The cancer club

Have you noticed my posts have become less frequent? Sorry to the new subscribers who have signed up for the blog. I don’t wish to disappoint you. However, you can usually safely assume that in my case, no news is good news. The less I have to say/write about cancer,  the more I am focusing on other things. Important things. Like getting caught up on Season 3 of Scandal. Very important. (P.S. no spoilers, please. Seriously.)

I recently attended a support group of sorts. It wasn’t technically labeled a support group, but it was a group of cancer patients, in a room, talking about issues surrounding a cancer diagnosis. It was kind of a lecture with some discussion thrown in here and there.

I didn’t attend one support group while I was undergoing chemo and radiation. I know these groups are really helpful to many people. For me, my support group was my family, my friends, and the many wonderful people I met through writing this blog. I’m fortunate that I had a large network of people I could talk to and who offered to listen.

I decided to attend this session because the topic at hand interested me and I figured it might be a good experiment, and might even help me in this whole “healing” and “recovery” process.

To be honest, I didn’t get a whole lot out of the session. Everyone sitting in the circle was more than twice my age, and although we might have this cancer thing in common, that’s not really enough to make me feel connected to a bunch of senior citizens. (No offence to the many seniors who read this blog. I love old people and would love to sit around with you and play card games and yell at punk teenagers from the porch and do other old-people-things.) Being around a bunch of old people with cancer just reminds me of my crappy luck to have cancer in my 20’s and how much I just don’t belong and don’t want to be part of this particular group. The Cancer Club.
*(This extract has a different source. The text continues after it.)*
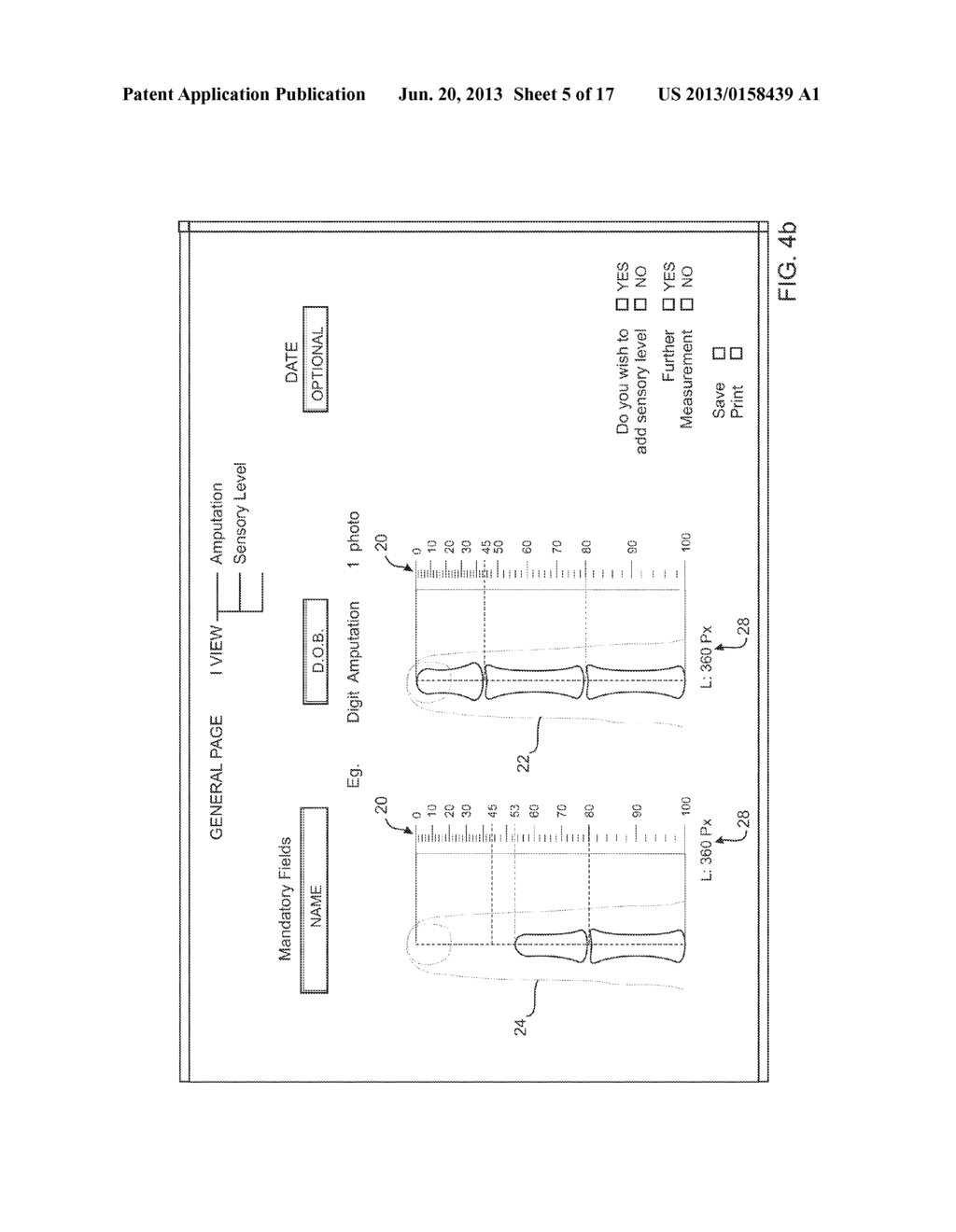 UPPER LIMB IMPAIRMENT MEASUREMENT SYSTEM - diagram, schematic, and image 06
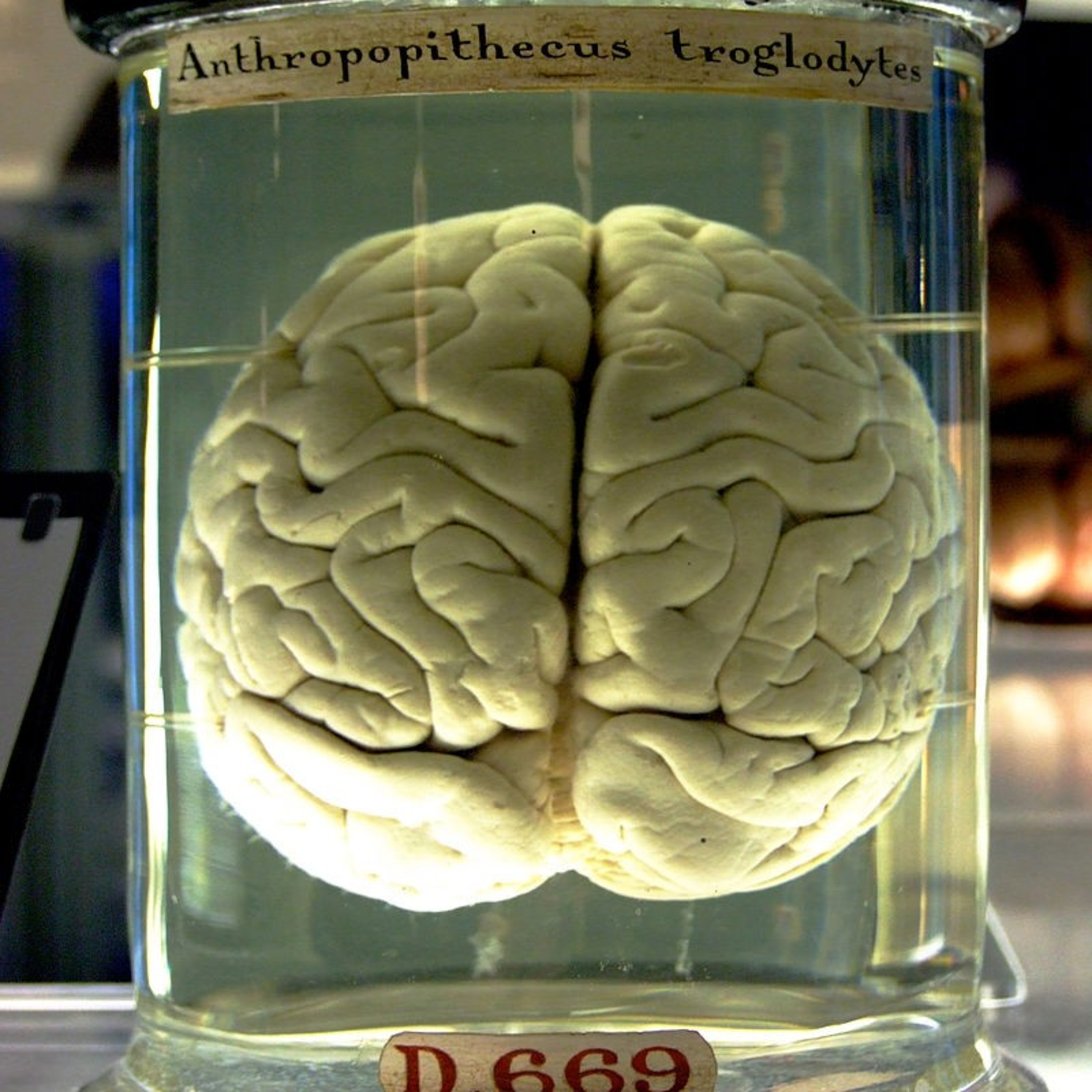 STREs4e2 The brain modulo episode artwork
As much as I can empathize with anyone who has cancer regardless of age, when I listened to this group talk about their experiences and feelings, I couldn’t help but think, You have lived long enough to have kids, and grandkids and a career. You’ve had an entire life that I have not lived. If someone told me I could have waited until I was 70 to get stuck with cancer, I would be jumping up and down and doing cartwheels. It’s almost like I am jealous of old people with cancer. Because as much as it is still awful, an old person with cancer just isn’t the same as a young person with cancer. It just ain’t.

Besides that, the “teachings” in the session also felt very “Intro to Dealing With Cancer/Coping 101” kind of stuff. And as you might have noticed, I’m not exactly a cancer novice anymore. I suppose I was looking for something with a little more depth. A new way of thinking, or a different way of approaching things. The ideas and advice given were not new to me. It was all stuff I’ve heard before. However, it seemed that a lot of the folks in the group were really engaged and likely learned something new. I assume most of them were/are a lot less likely to use the internet to search for answers or to connect with others, so there is a much stronger need to have these types of group sessions. I think I was mostly alone in my feelings of I don’t belong here/get me out of here/why aren’t any snacks being offered to me right now/when can I go home and eat a snack.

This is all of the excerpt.